PROVIDED MATERIAL below:

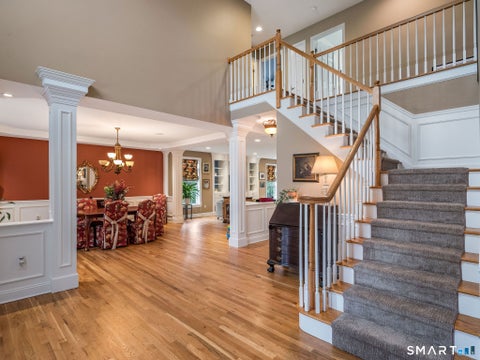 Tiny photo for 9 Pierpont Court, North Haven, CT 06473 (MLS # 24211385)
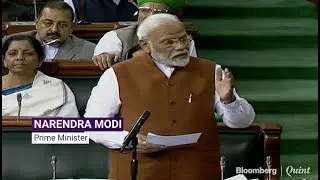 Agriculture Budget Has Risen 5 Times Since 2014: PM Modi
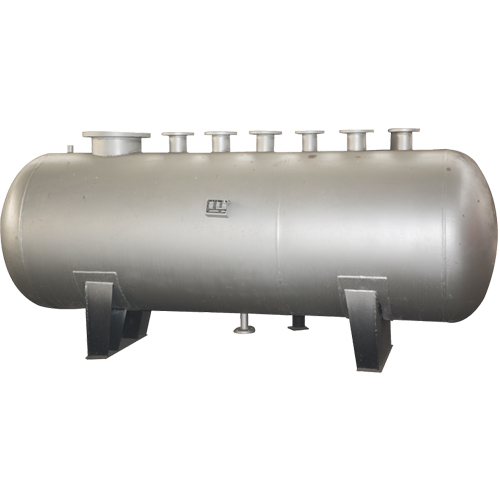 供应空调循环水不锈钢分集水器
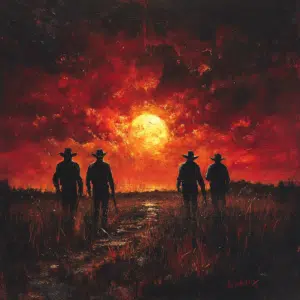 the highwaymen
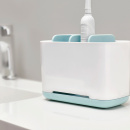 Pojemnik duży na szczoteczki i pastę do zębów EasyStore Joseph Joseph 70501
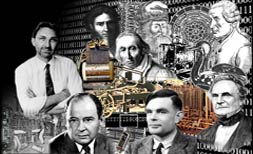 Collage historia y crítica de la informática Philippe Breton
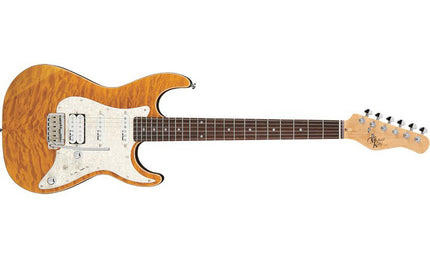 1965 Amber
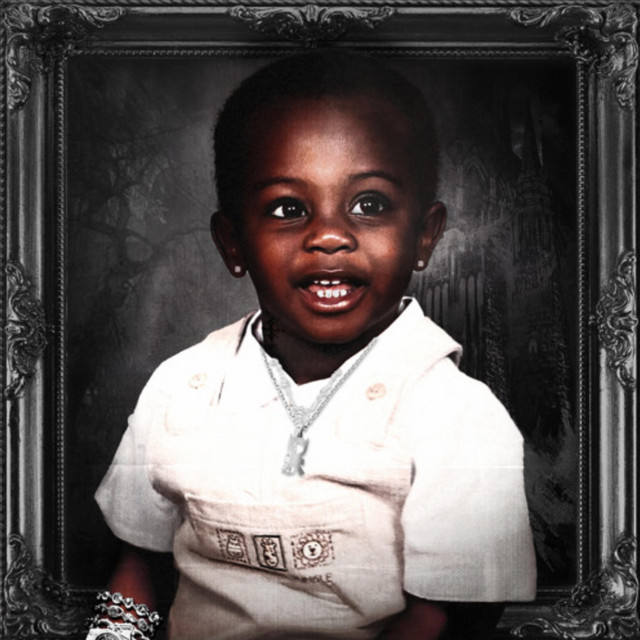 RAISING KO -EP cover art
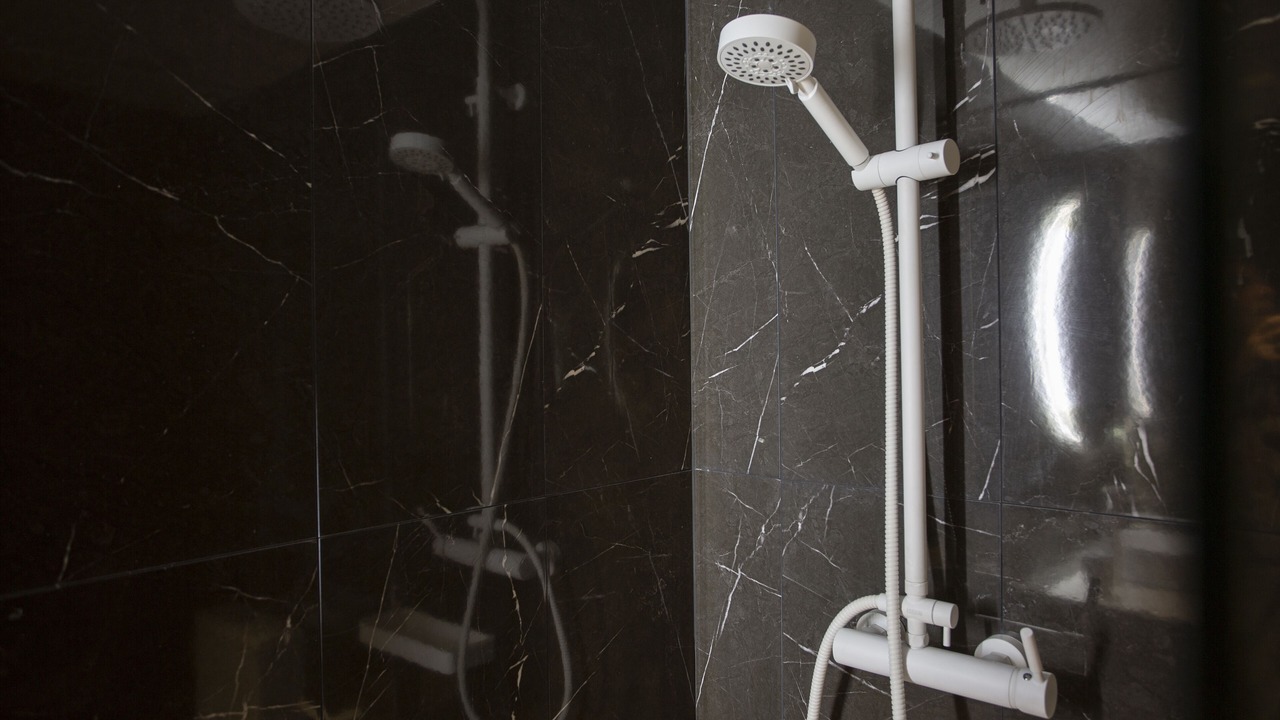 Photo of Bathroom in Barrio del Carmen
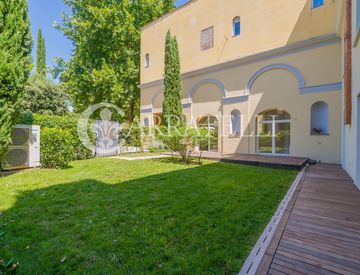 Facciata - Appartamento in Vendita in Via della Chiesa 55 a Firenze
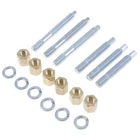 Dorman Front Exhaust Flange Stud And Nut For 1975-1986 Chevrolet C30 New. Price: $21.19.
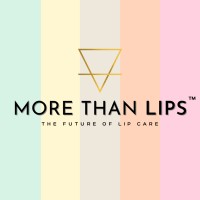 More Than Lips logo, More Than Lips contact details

End of PROVIDED MATERIAL.

» **TASK ITEM**
Quote the records above exactly, from the first line through the line containing "Facciata - Appartamento", and leave out the pictures.

» **SOLUTION**
 Tiny photo for 9 Pierpont Court, North Haven, CT 06473 (MLS # 24211385)
 Agriculture Budget Has Risen 5 Times Since 2014: PM Modi
 供应空调循环水不锈钢分集水器
 the highwaymen
 Pojemnik duży na szczoteczki i pastę do zębów EasyStore Joseph Joseph 70501
 Collage historia y crítica de la informática Philippe Breton
 1965 Amber
 RAISING KO -EP cover art
 Photo of Bathroom in Barrio del Carmen
 Facciata - Appartamento in Vendita in Via della Chiesa 55 a Firenze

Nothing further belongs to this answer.